This article talks about how great bamboo can be, as it can be used in so many different ways. It can also be useful in fashion since it can be made into fabric and thus, into shirts!
Fashion. Food. Environment. Health. Bamboo. Wait… bamboo? How does the last word connect with the rest of the things mentioned? Simple. From feeding pandas to providing picturesque backgrounds for Kung-Fu movies (i.e. Crouching Tiger, Hidden Dragon), there’s never a day that bamboo is out of the picture in many people’s daily activities.
If bamboo could talk, it would narrate you its journal about its daily account on people walking on it, cooking and eating with it, sleeping on it, writing on it, painting with it, eating it, wearing it, and bla bla bla… If bamboo is a person, it’s a jack-of-all-trades, that from health to fashion it speaks of its versatility and great benefits.

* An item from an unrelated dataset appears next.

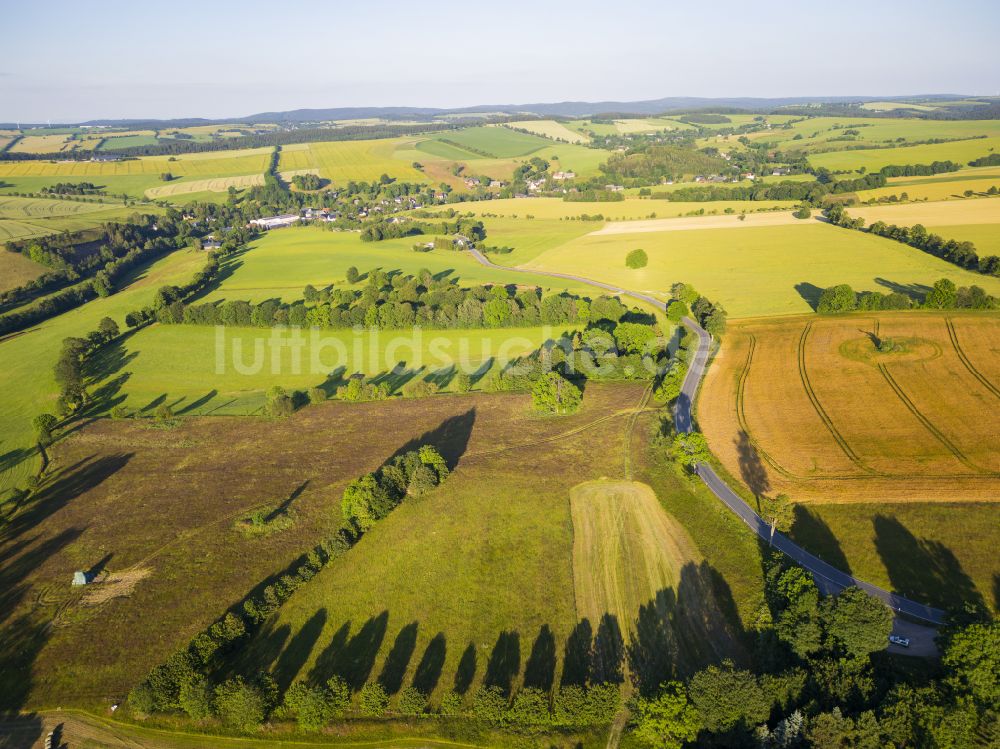 Luftbild Frauenstein - Felder bei Frauenstein im Bundesland Sachsen, Deutschland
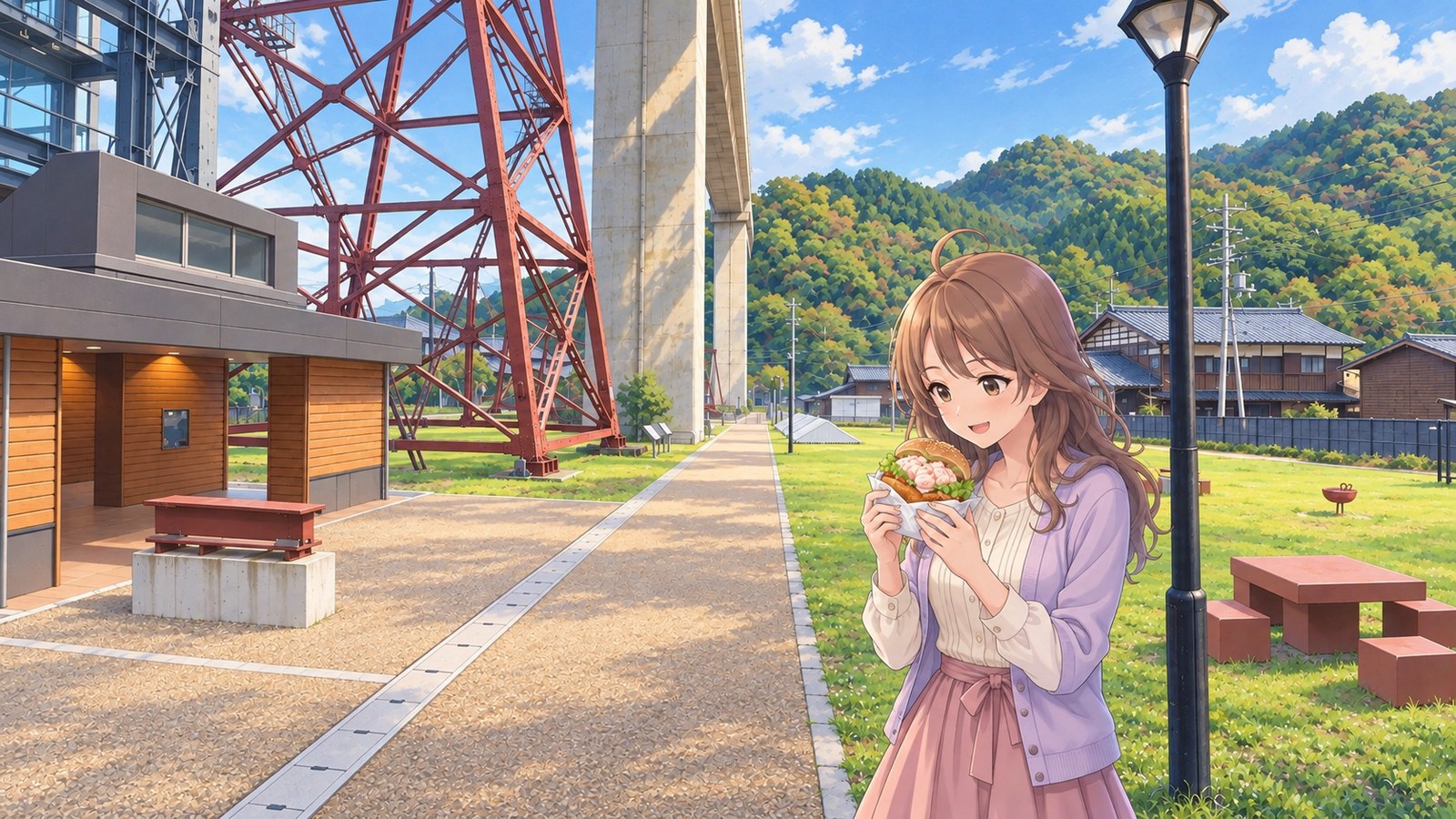 At midday in early autumn, the narrator holds a Kasumi crab burger in both hands, wearing a cream blouse, purple cardigan and pink skirt. The paths and lawn of Amarube’s ground-level park, red old bridge piers, current grey piers and a glass tower are visible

This incredible grass – yes, surprisingly enough, bamboo is botanically in the grass family – grows like nothing else, from as much as 1.5 to 2 inches per hour. Even without harmful pesticides or chemicals, it shoots its way up to the sky. Wow! It reminds us of the giant beanstalk from a fairytale by Benjamin Tabart.
With the bamboo fabric’s advent in the fashion industry, it has become the latest and one of the most popular sustainable eco-fabric. Numerous known designers are already opting for greener fabrics, and the use of bamboo fabric in their garments is among the bigger brands’ top choices for several reasons.
Shirts from bamboo fabrics are admired for its luxurious softness, similar to cashmere. They drape like rayon. They are more breathable than cotton and even as smooth as silk (minus the hassle and expense of raising silk worms); plus they’re not heavy on the pockets, at least not as much as the other fabrics cost. What’s not to love, eh?
And thanks to the generous online sources, we’ve learned that there are two kinds of bamboo fabrics. First, the bamboo linen, which is produced in a mechanical process, is similar in producing hemp and flax fabrics. This is not very popular because it’s much more costly and labor intensive. Second, the bamboo rayon, which is manufactured chemically by cooking the bamboo leaves and shoots in caustic soda or lye.
Despite the ecological advantages of the bamboo fibers, consumers are still unaware of the use and benefits of the fabrics. Yet, interest in going eco-friendly is continuously growing in the fashion world and designers are already thinking of ways to tap into more environmentally-conscious shoppers. After all, being wise consumers doesn’t only mean saving money, but saving the environment as well.